Illegal economies are economies based around less-than-legal income streams, however many of the people involved in these economies are day-to-day workers, not criminals.
That’s one finding of Gloria Perez-Rivera, an assistant professor of anthropology at Mount Royal University, who has done a lot of research on illegal economies.
“What I would like people to understand is that half of the world lives from these things we call illegal economies,” said Perez-Rivera. “When we talk about the ‘criminal,’ the criminal, most of the time, is not a criminal by choice.”
Her research involved a one-year ethnographic study, a form of research in which the researcher embeds themselves within the community.


Perez-Rivera spent her year in a very low-income community in Cartagena, Colombia— where she observed an illegal economy at work.
“My work was to follow the money,” said Perez-Rivera.

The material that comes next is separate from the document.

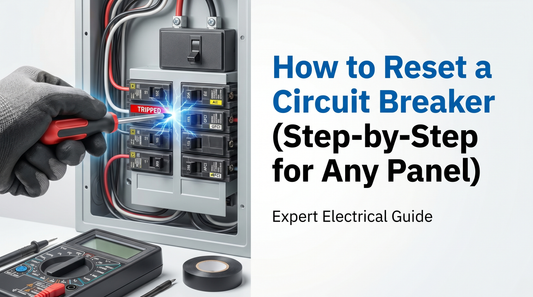 How to Reset a Circuit Breaker (Step-by-Step for Any Panel)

She learned about a cycle that occurs within lower-income communities in Colombia, a system called drop by drop, in which money lenders, often funded by narcotraffickers, provide long-term loans that are slowly paid off daily.

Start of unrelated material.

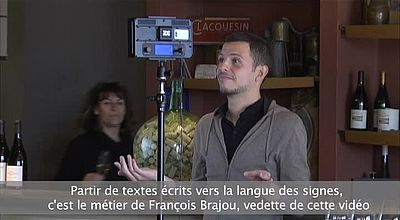 Hérault: La langue des signes pour déguster le vin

Perez-Rivera said that people take on these loans to purchase supplies and equipment to work and buy food from local corner stores.
“I figured out that in Cartagena, and in most places in Colombia, narco paramilitaries are the owners of the corner stores,” said Perez-Rivera. “They have forced people to sell their stores so they can take over the economy.”
Perez-Rivera is still working on learning more about cultural economies and displacement in Colombia — shining a light on these things through her published work.